Ardhan mengangguk paham mendengar penjelasan Ditya. Pria itu menatap kakaknya yang tertidur pulas, sesekali mengelus rambut wanita itu. Pergerakan tangan Ardhan membuat Nasha terbangun.
"Hi. Maaf ganggu," ucap Ardhan. Wanita itu menggeleng lalu merentangkan tangannya.
"Sini peluk," suruh Nasha. Ardhan membantu Nasha untuk duduk untuk memeluk kakaknya. Melepas rindu bersama Nasha.

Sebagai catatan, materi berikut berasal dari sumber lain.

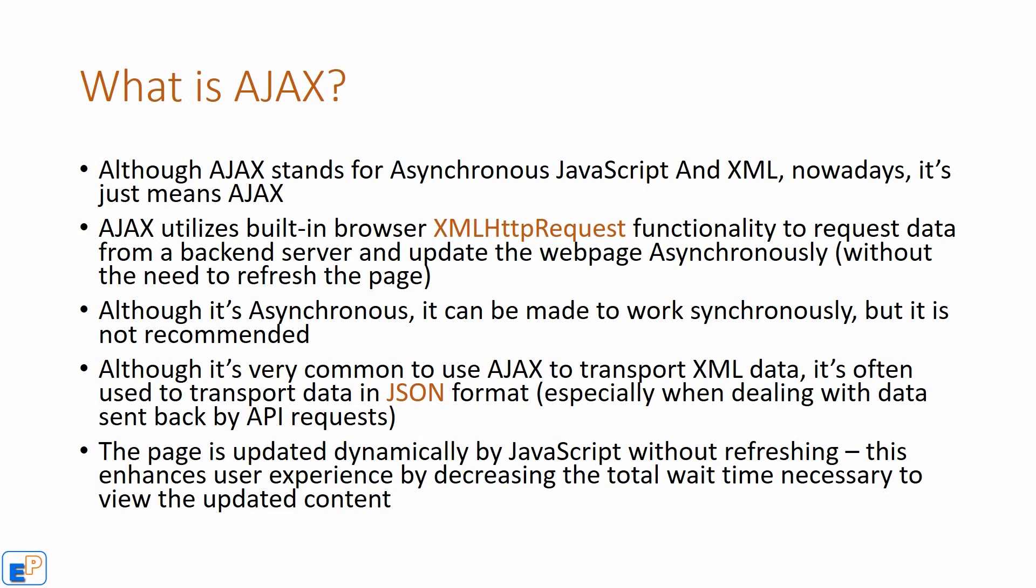Although it's very common to use Ajax to transport XML data, it's often used to transport data in JSON format nowadays. I would recommend that you look at my tutorials where I cover JSON, what it is, how to use it, how to write it, to get more information on why JSON is better than XML.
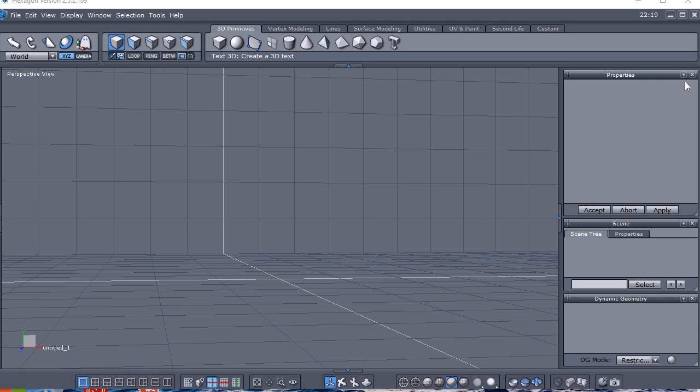I thought if this helps anyone create content as well, it might be of great help to them. So without further ado, I'm going to show you how to separate models using Hexagon and then put them into DAZ Studio.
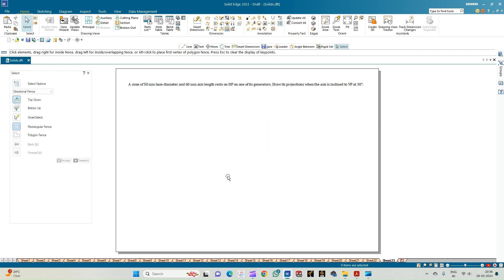Welcome to MKY's Study Circle channel. In this video we shall see how to do the computer drafting of the orthographic projection of solids using the Solid Edge software. In this problem we have a cone of 50mm base diameter and 60mm axis length, resting on HP on one of its slant generators. We need to draw the projections when the axis of the cone is inclined to VP at 30 degrees.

"Kangen," bisik Ardhan. Ditya masih setia berdiri sambil menatap haru kakak adik tersebut.
"Gimana kuliahnya? Tiara nggak diajak? Daniel mana?" tanya Nasha bertubi-tubi. Ardhan mencubit pipi kakaknya gemas.
"Satu-satu nanyanya. Gue bingung mau jawab yang mana dulu."
"Ya maaf."
"Kuliah gue lancar. Tiara lagi ada kelas sekarang, katanya nanti sore ke sini. Kalau Daniel mungkin besok. Tapi gue udah kasih tau dia kok," jelas Ardhan.
Nasha hanya mengangguk.
"Tidur lagi aja, kakinya masih sakit?" tanya Ardhan sambil mengarahkan pandangannya pada kaki Nasha.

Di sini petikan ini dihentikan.